My challenges:
1. These annotations need to be tightly coupled with specific locations in the source code (particular functions, variables, or even specific lines)
2. The underlying code changes regularly (new versions, updates from maintainers) which can break the connection between my notes and the code
3. My notes are private - they include half-formed thoughts, questions, and sometimes critical observations that wouldn't be appropriate as public comments
4. I want to preserve this knowledge across different machines and working environments
I've tried various approaches: - Local IDE bookmarks (lost between sessions) - Separate markdown files (hard to maintain precise code references) - Private forks with comments (becomes unmaintainable as source evolves)
I'm curious how others solve this problem. Do you have a systematic approach for maintaining personal annotations on code that's not under your control? How do you handle the challenge of the code evolving while keeping your notes relevant?
Would especially love to hear from people working with large codebases or those who regularly need to dive deep into external dependencies.
> Out-of-Code Insights is a Visual Studio Code extension that allows you to add annotations, notes, and comments without modifying your source files.
https://marketplace.visualstudio.com/items?itemName=JacquesG...
GitHub:
Of the requirements that you've laid out, I'd suggest that you need to either relax requirement 2 or 3:
If you relax requirement 2, you could keep your notes in a private fork.
If you relax requirement 3, and make your notes suitable for public consumption, you could submit your notes as comments and make the codebase easier for everyone to understand. (Or, at least, you could submit some of your comments, making the remainder easier to maintain privately.)
You said that becomes unmaintainable as the source evolves, but that's surely a fundamental property of keeping notes on changing code? You have to do work keeping your private comments up to date with any method.
Obviously it isn't bulletproof and needs maintenance when it can't merge external changes automatically.
If the underlying code changes, I just update my comments.
That shouldn’t be difficult. Most code repository systems support links to exact line numbers in specific commits, for example like [0]. Even in the event that the links stop working, you can still identify the commit hash, file name and line number from the URL.
[0] https://github.com/curl/curl/blob/3b057d4b7a7e6b811245fd0312...
The lack of syncing doesn't bother me, because the purpose of taking notes always falls into one of these categories:
1. I read the code to get an idea of how something works. The code is there to make examples/variable names concrete, but I don't need to know the exact implementation.

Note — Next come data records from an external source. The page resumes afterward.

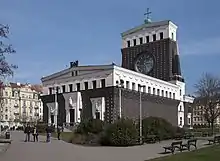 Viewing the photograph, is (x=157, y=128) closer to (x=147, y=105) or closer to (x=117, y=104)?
(x=117, y=104)

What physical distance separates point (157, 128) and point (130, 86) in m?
39.3

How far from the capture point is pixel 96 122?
49.8m

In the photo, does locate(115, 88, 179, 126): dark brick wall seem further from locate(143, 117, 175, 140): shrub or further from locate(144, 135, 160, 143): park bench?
locate(144, 135, 160, 143): park bench


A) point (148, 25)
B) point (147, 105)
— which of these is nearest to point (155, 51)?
point (148, 25)

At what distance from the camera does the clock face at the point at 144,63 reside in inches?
4291

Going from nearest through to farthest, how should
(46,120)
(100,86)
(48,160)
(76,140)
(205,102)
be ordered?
(48,160)
(76,140)
(205,102)
(100,86)
(46,120)

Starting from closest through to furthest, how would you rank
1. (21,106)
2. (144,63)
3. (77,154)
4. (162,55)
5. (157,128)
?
1. (77,154)
2. (157,128)
3. (162,55)
4. (144,63)
5. (21,106)

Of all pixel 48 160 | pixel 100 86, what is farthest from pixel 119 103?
pixel 48 160

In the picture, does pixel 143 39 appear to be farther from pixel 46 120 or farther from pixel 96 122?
pixel 96 122

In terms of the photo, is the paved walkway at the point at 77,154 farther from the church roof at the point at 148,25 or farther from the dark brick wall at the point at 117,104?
the church roof at the point at 148,25

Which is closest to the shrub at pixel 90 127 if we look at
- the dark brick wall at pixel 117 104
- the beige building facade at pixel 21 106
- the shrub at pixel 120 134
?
the shrub at pixel 120 134

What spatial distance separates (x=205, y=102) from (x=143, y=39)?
36.2 metres

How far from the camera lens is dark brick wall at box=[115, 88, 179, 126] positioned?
8512 centimetres

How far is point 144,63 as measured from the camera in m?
111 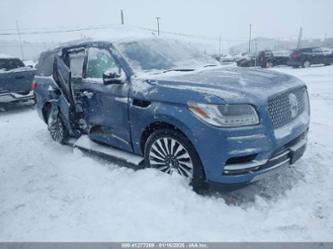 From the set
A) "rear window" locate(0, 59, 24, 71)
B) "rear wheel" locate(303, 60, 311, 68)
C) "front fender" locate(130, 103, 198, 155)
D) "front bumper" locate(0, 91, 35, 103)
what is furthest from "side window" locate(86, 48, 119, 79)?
"rear wheel" locate(303, 60, 311, 68)

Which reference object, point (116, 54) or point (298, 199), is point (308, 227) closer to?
point (298, 199)

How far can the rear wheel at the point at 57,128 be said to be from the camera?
5.74 meters

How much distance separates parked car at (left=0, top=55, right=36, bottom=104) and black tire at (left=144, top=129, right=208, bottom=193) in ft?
22.9

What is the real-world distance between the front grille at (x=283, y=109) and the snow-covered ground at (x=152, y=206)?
874mm

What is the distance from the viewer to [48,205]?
142 inches

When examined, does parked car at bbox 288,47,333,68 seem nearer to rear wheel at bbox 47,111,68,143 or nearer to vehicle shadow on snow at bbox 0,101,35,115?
vehicle shadow on snow at bbox 0,101,35,115

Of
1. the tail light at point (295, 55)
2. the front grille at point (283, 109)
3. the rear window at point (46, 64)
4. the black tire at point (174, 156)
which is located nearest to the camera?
the front grille at point (283, 109)

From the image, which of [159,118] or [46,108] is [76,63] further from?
[159,118]

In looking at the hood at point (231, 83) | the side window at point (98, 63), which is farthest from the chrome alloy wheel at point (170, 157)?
the side window at point (98, 63)

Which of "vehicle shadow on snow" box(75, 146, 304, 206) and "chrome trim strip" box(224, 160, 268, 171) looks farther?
"vehicle shadow on snow" box(75, 146, 304, 206)

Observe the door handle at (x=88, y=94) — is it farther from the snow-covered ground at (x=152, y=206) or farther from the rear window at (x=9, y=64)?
the rear window at (x=9, y=64)

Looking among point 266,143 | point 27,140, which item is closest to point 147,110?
point 266,143

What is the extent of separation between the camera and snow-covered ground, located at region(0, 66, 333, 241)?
2.95 m

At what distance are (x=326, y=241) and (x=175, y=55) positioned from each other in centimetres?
318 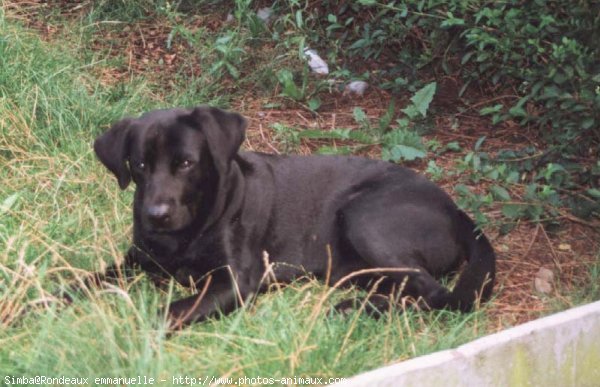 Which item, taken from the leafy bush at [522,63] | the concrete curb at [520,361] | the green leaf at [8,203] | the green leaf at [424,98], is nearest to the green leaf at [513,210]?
the leafy bush at [522,63]

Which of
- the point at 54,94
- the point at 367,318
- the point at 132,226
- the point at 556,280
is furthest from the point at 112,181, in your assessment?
the point at 556,280

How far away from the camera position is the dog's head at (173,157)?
3.90 m

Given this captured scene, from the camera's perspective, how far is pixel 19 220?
178 inches

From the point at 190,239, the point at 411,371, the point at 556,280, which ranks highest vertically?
the point at 411,371

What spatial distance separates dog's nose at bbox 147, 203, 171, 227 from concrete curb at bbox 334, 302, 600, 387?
A: 132cm

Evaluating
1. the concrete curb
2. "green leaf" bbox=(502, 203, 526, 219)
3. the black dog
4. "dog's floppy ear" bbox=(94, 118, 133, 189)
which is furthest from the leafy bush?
"dog's floppy ear" bbox=(94, 118, 133, 189)

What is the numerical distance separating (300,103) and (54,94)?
143cm

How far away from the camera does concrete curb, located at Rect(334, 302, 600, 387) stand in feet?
9.40

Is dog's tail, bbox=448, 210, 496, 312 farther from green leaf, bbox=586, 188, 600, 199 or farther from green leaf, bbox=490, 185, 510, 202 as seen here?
green leaf, bbox=586, 188, 600, 199

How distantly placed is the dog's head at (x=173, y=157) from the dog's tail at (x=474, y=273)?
104 centimetres

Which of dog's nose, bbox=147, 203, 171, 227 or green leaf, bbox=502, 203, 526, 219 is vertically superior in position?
dog's nose, bbox=147, 203, 171, 227

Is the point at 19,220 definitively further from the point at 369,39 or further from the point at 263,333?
the point at 369,39

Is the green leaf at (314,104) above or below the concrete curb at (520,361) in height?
below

If the notes need to sit in the code, usually that's because the answer spans multiple methods (eg "what does an e2e request look like?"). A set of comments on outdated code is always good enough for me.

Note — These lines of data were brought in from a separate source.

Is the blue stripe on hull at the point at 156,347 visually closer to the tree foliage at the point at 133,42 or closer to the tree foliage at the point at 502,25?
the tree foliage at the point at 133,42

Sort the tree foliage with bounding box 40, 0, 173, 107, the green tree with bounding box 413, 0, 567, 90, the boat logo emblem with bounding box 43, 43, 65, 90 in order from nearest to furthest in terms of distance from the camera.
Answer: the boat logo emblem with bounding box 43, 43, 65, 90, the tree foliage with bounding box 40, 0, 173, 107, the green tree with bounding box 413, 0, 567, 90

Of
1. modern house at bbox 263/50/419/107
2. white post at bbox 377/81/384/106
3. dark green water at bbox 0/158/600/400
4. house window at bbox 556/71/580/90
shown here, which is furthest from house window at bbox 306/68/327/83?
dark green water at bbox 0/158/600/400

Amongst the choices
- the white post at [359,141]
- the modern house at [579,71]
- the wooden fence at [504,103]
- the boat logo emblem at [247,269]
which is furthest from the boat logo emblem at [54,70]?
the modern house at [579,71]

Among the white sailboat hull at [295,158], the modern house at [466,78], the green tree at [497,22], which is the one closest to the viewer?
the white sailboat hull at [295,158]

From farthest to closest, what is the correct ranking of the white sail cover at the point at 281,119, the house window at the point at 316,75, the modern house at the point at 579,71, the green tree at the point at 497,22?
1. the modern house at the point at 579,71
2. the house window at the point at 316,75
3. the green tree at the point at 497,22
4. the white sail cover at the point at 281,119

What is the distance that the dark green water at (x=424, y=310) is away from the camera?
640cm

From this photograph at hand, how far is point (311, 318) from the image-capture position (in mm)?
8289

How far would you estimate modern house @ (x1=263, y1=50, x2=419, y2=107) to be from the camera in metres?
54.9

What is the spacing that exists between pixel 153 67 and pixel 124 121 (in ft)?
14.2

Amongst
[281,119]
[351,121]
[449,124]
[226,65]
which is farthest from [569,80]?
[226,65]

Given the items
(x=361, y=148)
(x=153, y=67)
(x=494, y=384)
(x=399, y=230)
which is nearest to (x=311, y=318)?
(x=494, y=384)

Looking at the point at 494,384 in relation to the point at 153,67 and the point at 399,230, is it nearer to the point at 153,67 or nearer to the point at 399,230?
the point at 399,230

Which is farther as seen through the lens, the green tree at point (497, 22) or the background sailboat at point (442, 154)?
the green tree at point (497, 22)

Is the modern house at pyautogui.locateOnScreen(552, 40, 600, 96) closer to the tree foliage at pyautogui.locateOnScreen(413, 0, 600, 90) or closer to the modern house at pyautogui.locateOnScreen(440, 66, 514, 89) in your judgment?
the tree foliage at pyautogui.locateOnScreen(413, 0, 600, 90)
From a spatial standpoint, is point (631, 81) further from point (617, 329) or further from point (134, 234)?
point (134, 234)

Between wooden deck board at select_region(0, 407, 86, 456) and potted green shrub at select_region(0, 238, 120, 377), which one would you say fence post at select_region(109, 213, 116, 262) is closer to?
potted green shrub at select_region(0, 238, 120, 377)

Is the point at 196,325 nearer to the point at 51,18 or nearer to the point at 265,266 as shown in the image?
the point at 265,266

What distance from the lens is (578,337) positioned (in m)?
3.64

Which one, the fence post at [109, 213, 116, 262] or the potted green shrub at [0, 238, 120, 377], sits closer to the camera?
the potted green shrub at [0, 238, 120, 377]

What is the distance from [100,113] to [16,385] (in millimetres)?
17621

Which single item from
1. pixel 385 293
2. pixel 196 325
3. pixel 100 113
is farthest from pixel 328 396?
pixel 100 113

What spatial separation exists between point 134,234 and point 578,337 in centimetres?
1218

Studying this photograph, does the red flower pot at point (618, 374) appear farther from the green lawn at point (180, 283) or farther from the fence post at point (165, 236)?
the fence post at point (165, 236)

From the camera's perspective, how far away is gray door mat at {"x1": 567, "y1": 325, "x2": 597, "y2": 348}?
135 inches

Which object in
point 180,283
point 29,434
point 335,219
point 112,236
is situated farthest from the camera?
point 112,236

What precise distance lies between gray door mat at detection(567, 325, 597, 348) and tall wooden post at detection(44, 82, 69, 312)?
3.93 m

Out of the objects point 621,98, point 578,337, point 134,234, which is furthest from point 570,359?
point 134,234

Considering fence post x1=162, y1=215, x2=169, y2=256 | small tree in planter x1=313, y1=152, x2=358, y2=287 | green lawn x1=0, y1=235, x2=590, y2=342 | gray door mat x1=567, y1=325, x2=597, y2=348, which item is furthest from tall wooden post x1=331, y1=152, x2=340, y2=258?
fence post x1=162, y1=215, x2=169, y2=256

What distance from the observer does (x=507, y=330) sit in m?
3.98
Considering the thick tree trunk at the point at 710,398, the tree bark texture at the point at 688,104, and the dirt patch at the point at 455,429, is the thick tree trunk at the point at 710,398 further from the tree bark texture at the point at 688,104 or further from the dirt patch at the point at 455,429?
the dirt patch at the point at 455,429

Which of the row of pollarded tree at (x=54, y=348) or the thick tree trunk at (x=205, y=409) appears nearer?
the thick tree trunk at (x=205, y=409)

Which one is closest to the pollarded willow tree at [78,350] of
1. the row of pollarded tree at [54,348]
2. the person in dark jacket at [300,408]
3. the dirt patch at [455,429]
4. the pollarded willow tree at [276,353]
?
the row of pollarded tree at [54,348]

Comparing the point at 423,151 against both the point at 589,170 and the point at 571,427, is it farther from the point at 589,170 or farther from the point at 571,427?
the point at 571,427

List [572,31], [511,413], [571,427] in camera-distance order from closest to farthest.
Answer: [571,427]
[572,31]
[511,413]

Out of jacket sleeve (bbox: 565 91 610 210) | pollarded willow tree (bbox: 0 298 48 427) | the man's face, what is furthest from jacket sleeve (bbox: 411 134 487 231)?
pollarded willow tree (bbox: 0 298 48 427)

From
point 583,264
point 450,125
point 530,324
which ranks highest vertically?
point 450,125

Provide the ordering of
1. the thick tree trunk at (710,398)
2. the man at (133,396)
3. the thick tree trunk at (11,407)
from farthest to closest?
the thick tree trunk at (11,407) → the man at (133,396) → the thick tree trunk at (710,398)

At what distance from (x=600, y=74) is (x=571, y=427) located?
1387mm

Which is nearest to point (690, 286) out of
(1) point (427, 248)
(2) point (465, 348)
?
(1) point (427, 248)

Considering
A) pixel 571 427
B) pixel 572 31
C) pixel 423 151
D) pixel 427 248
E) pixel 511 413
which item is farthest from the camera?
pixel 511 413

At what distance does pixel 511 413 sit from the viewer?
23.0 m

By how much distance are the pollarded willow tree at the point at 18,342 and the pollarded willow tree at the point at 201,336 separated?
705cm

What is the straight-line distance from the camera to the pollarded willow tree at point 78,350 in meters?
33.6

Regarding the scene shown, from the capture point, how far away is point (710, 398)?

Otherwise, a lot of times the answer can be summarized in one line (eg "where is the state tracked?" -> in FooBarClass). These can go into personal notes.
2. I need to know the implementation and it is complex and hard to follow.

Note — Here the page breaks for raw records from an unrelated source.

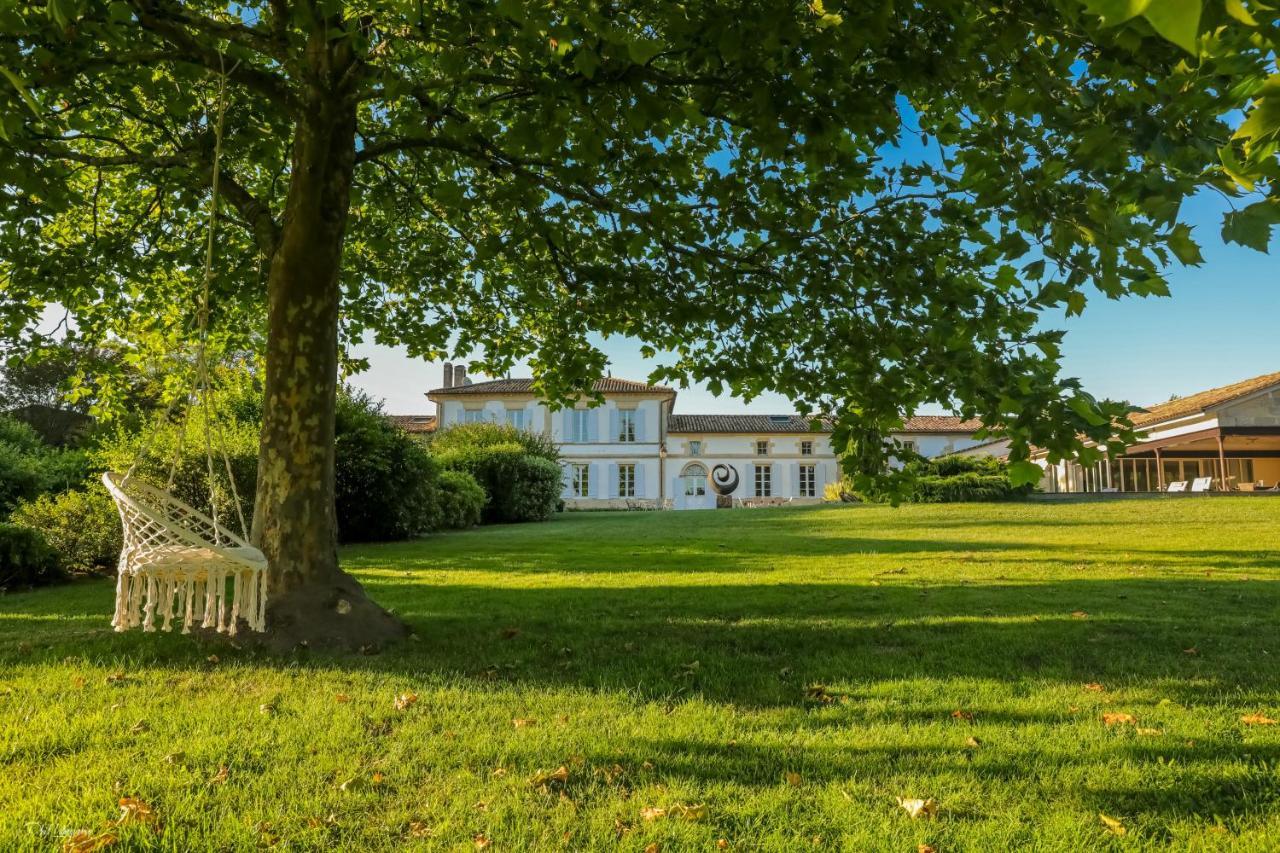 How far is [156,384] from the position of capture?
1095 cm

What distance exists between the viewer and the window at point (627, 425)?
120 feet

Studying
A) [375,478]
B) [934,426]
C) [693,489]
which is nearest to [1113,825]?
[375,478]

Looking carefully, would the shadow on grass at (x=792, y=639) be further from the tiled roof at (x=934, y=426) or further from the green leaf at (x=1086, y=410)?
the tiled roof at (x=934, y=426)

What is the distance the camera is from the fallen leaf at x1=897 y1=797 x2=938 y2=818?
7.73 ft

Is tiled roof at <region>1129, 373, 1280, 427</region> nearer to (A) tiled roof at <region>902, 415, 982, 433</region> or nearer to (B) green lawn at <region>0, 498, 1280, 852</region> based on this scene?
(A) tiled roof at <region>902, 415, 982, 433</region>

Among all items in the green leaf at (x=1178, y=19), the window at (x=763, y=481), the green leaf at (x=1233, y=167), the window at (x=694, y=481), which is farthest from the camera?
the window at (x=763, y=481)

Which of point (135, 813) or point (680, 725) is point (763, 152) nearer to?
point (680, 725)

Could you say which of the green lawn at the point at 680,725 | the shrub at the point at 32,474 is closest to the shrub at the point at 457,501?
the shrub at the point at 32,474

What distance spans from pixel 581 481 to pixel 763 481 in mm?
9646

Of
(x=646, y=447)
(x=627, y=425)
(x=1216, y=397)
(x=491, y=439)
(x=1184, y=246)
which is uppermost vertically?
(x=627, y=425)

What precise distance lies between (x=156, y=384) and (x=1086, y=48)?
11900 millimetres

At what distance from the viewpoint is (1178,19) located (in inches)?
29.4

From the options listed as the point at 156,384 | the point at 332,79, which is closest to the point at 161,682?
the point at 332,79

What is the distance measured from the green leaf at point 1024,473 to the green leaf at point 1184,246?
0.91m
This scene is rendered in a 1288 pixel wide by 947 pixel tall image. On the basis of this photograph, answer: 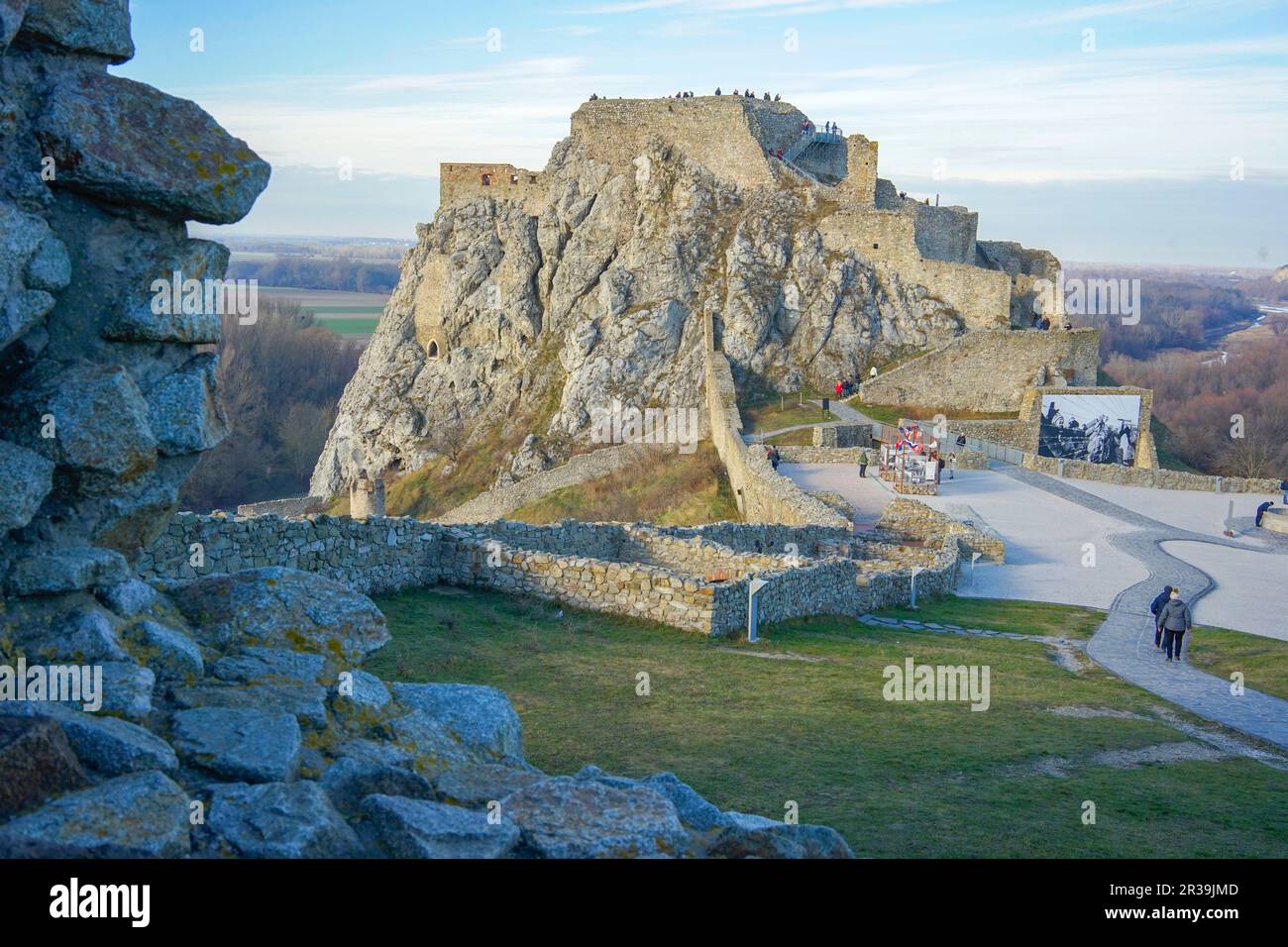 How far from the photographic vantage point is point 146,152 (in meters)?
5.69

If I need to know the implementation, either it is because I'm actively working on it, or I need to make [complex idea] more concrete in my head.
If it's the former, usually I'll have memorized it by the time I read through it.
If it's the latter, by the end of it I'll have gotten the main idea and it's fine to forget the implantation details.
Carefully naming variables and classes in obvious and consistent ways. I will spend time refactoring code so that it is named consistently and behaves as named.
Very small functions and classes (but not smaller than they need to be). This lets me use more named functions which gives me more description. It also typically gives me a nice hierarchy of how things occur, so whatever main "driver" function I have is pretty declarative and light on logic. It avoids big "god" functions or classes which tend to get cluttered and are often the hardest to break down or read.
Enforce obvious and established patterns. These again go in names, but if I'm using CQRS, then I'll have lots of CQRS, handler, registrar, etc in the names. If I have a factory it has Factory in the name. When you see these you know what and how things are organized.
Related to the above, no "clever" code and no inconsistent code. I'll write more "inefficient" code if it's not a bottleneck rather than something tight which was a premature optimization. If it's not normal for the established patterns, but could be forged into something consistent, I do the latter.
Lots and lots of tests. Tests describe behavior which tends to be pretty immutable OR if I have a requirement on behavior change, the test will fail at some point and needs to be reconsidered so gets my renaming attention. That last part is very important. Most testing frameworks let add plain language names/failure conditions, so if the behavior has changed the test starts going red and it doesn't let you forget about it. Those often become my documentation/annotations.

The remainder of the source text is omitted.